BERDEBAT DENGANMU -AYAH-
Oleh: Kahar Pagi

Kita adalah dua lelaki yang tak sebanding.
Nyatanya! Takdir tak pernah mengizinkan kita berdiskusi secara dewasa. Tidak juga ada kesempatan untuk sekedar berbincang sebuah tema yang ringan semisal “apa kabarmu?.” Kita memang laki-laki yang tak sebanding! Sebab aku tak pernah melihat engkau menua dan engkau juga tak pernah membersamaiku tumbuh dewasa.

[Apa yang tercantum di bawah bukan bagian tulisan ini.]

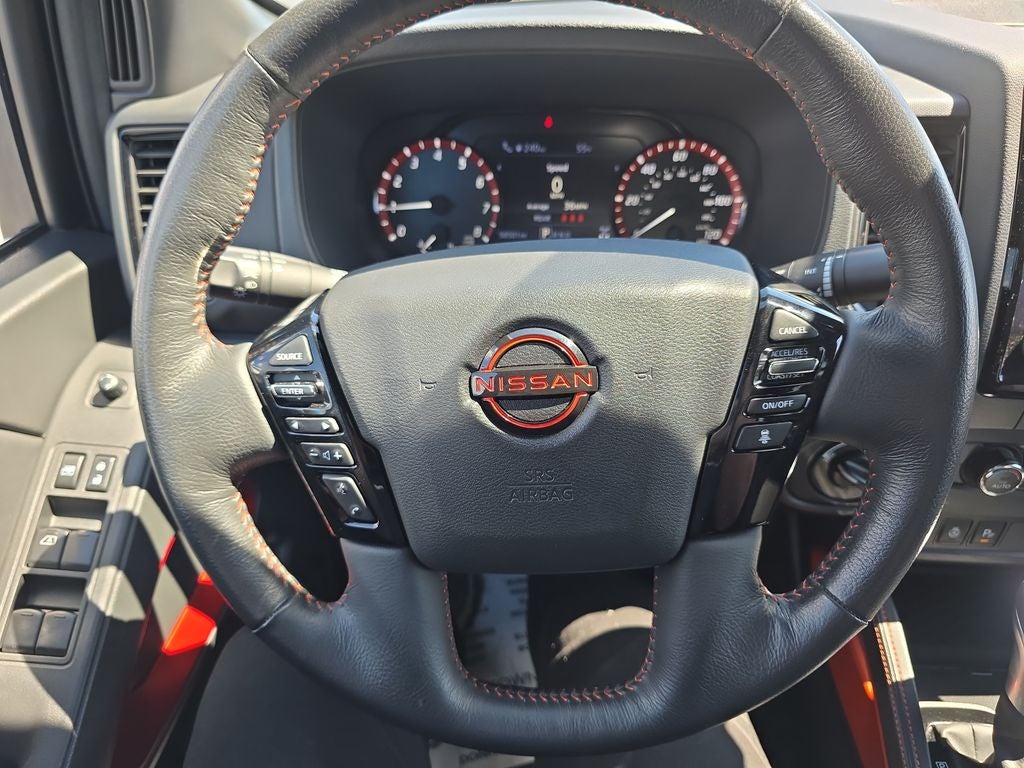 2023 Nissan Frontier PRO-4X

Ingin rasanya aku bertengkar denganmu sebagai orang dewasa yang saling beda pendapat. Aku ingin diakui sebagai anak laki-lakimu yang memiliki pendirian. Tetapi pertengkaran itu tak pernah terjadi sama sekali. Kadang aku ingin berdebat hebat perkara cinta dan jodoh denganmu. Biar aku dengarkan apa pendapatmu tentang perempuan? Bagaimana caramu menilai dan memilihkanku seorang wanita.

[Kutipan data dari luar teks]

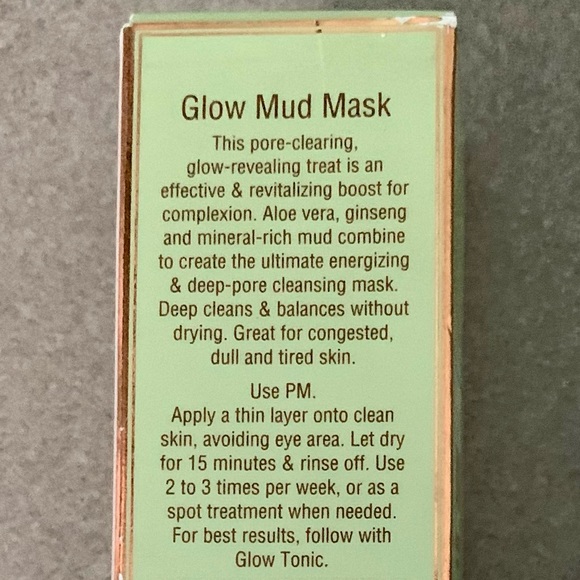 New Pixi Skintreats Glow Mud Mask Deep Purifying Mask 15 min Facial - Picture 6 of 12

Namun semua itu tak pernah terjadi di antara kita. Bahkan sampai sekarang aku telah menikah dan ingin menghadiahkan seorang cucu perempuan untukmu. Hanya terkenang sekali saja marahmu ketika masa kanak-kanak. Itulah untuk pertamakalinya aku bahagia karena pernah jengkel kepadamu.

Kita memang bukan lelaki yang sebanding! Sebab aku tak pernah bisa mengerti kedewasaanmu, dan kau tak mau kompromi atas sifat manja dan kenakalanku. Kau asyik bekerja siang dan malam, menahan pulang hingga tiga sampai empat bulan. Sedangkan aku pergi asyik main bola setiap sore, melupakan makan dan pelajaran di sekolah. Masing-masing kita memang punya cara tersendiri agar bisa disebt “Laki-laki” oleh perempuan kecintaan kita -ibu-. Sepertinya hanya dalam perkara mencintai Ibu saja kita bersepakat.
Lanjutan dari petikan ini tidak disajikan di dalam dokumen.